In Emotional IntelligenceGoleman quotes a report in Science which describes isolation as “as significant to mortality rates as smoking, high blood pressure, high cholesterol, obesity, and lack of physical exercise.” In short, isolation or separation from others is a serious health risk. Reiss makes the point that his perspective of motivational psychology and a desire to avoid over diagnosing people isn’t without the awareness that mental illnesses are real and do exist.

Perhaps the wife is perfectly fine being emotionally intimate with her girlfriends, family, and others just not her husband. While this is a marker for more serious problems in the relationship it may not be a clinical condition. (See Trust=>Vulnerability=>Intimacy for more on intimacy and the path to it.)

Biology and Psychology

Virtually everyone knows about Darwin’s survival of the fittest perspective on evolution and genetics. We’ve advanced in our understanding to be able to educate parents on the probabilities of having a baby with a genetic defect. The counseling provides an awareness of what might happen so that folks can be prepared but ultimately have no control on what genes are passed on.

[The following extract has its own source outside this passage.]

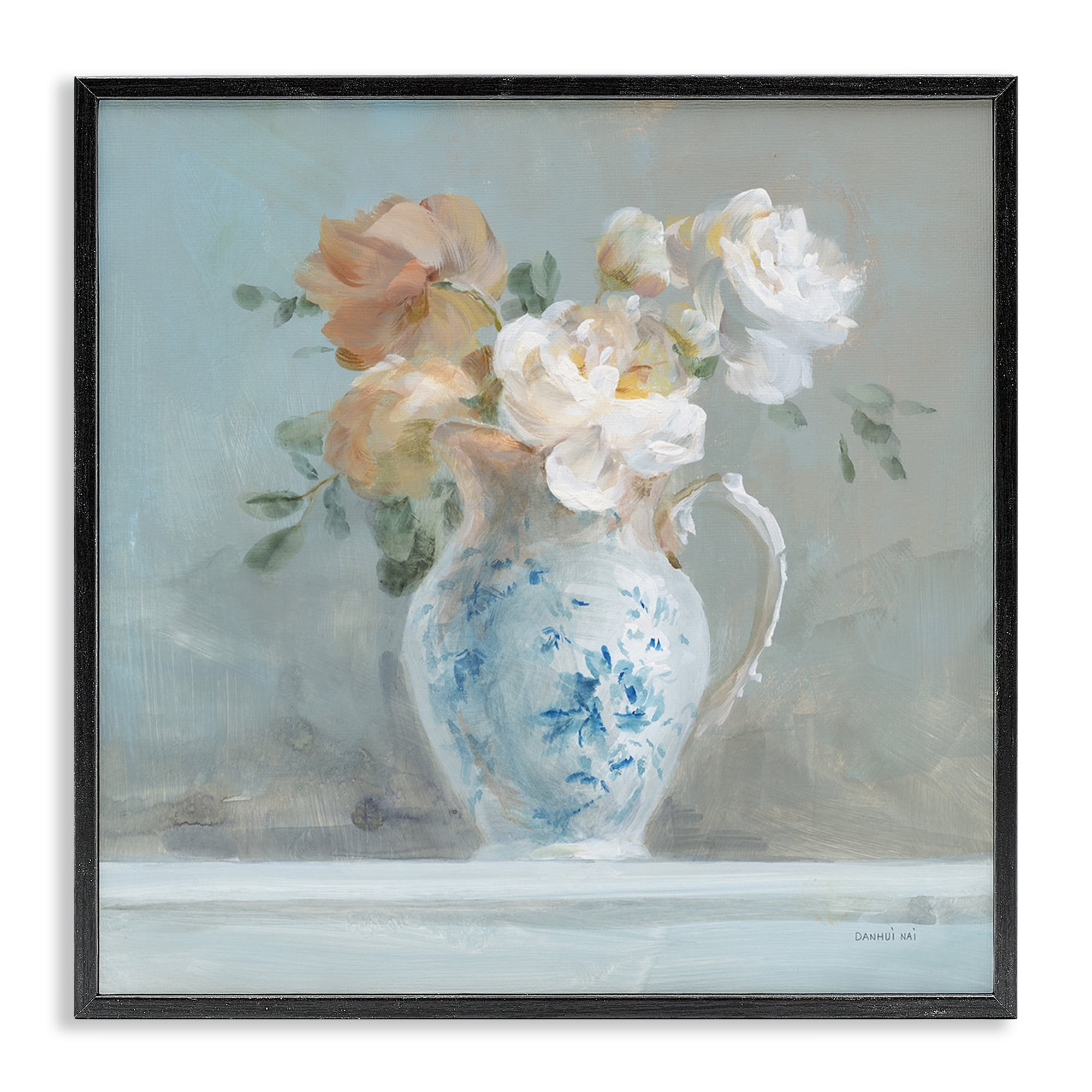 Stupell Industries Heirloom Floral Bouquet Botanical & Floral Painting Black Framed Art Print Wall Art, 24 x 24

However, with our frontal lobes we have another factor where survival of the fittest comes into play. That is the idea of memes. Memes are like viruses imprinting on others the same idea through communication, conversation, and thought.

Ways of thinking – memes – necessarily lead us towards some approaches and away from others. Consider that in English we put the modifier (adjectives) before the noun which they modify. In French and other languages, the modifiers come after the noun which they modify. It’s not that one is right or wrong. What’s important is that we necessarily think differently based on this change in language.

Our success in getting close to another person – in order to do reproduction – is now based at least in part by the ideas that we hold. We tend to connect better with those people who hold similar ways of thinking and processing as us.

Like More Alike

Reiss shares that sociology has definitively settled on the idea that we are attracted to those who are more like us and repelled by those who are different. It’s on this basis that you’re likely to have friends who are similar to you. You’re likely to have a spouse that is similar to you.

The quick rebuttal is often that your wife is very different than you. Competitors in a market tend to focus on the differences between their products and the competition where customers tend to focus on the similarities. (See The Challenger Sale for more.) My point isn’t to say that you and your wife are competitors – rather my point is to say that because of your extremely close proximity you’re more apt to see the relatively minor differences that people at a distance wouldn’t see.

As mentioned earlier, finding a mate that is more similar to you makes the maintenance of a marriage easier.

Know Thyself

The best platitude advice ever given is Socrates “Know thyself.” It’s impossibly hard to do and deceptively simple. We all believe we know ourselves but the more we look the more we realize that we don’t know ourselves very well. There are so many dimensions and depths to our psyche that we can spend a lifetime attempting to discover them and still not have scratched the surface. However, perhaps that’s what it’s like to have a The Normal Personality – a continual striving to know ourselves better.